■ Try it ■
Your output should be the lines below from the one holding "thumb Fashion 18K" through the one holding "ANDRES DIBBEN. NORFOLK", transcribed exactly, with no pictures.

■ Provided records ■
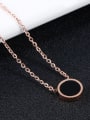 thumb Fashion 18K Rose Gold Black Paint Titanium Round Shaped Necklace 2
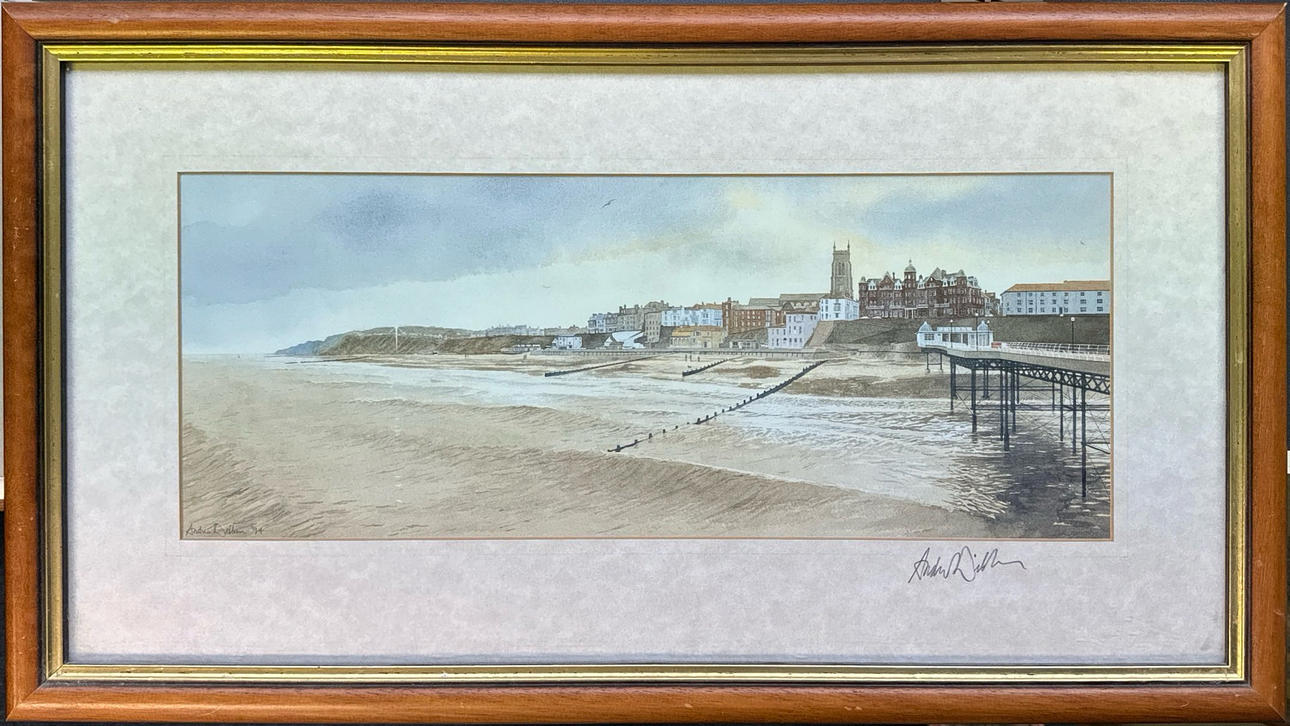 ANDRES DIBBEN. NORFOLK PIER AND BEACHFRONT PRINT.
---
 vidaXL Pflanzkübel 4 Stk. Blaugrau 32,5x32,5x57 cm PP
...
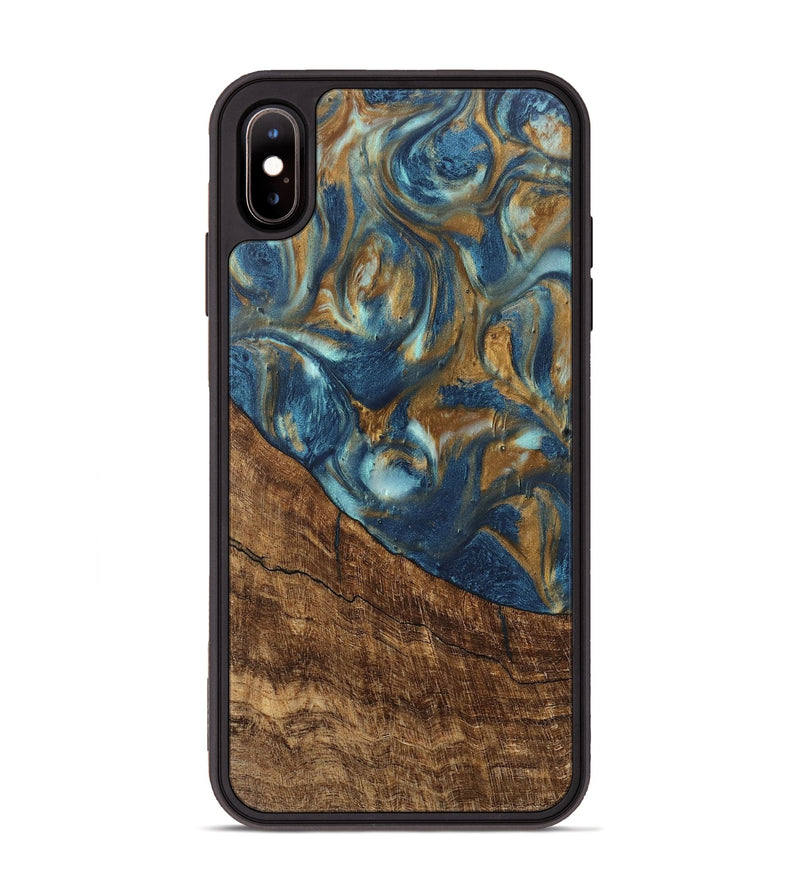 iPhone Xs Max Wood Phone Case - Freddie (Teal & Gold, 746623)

■ Response to the task ■
 thumb Fashion 18K Rose Gold Black Paint Titanium Round Shaped Necklace 2
 ANDRES DIBBEN. NORFOLK PIER AND BEACHFRONT PRINT.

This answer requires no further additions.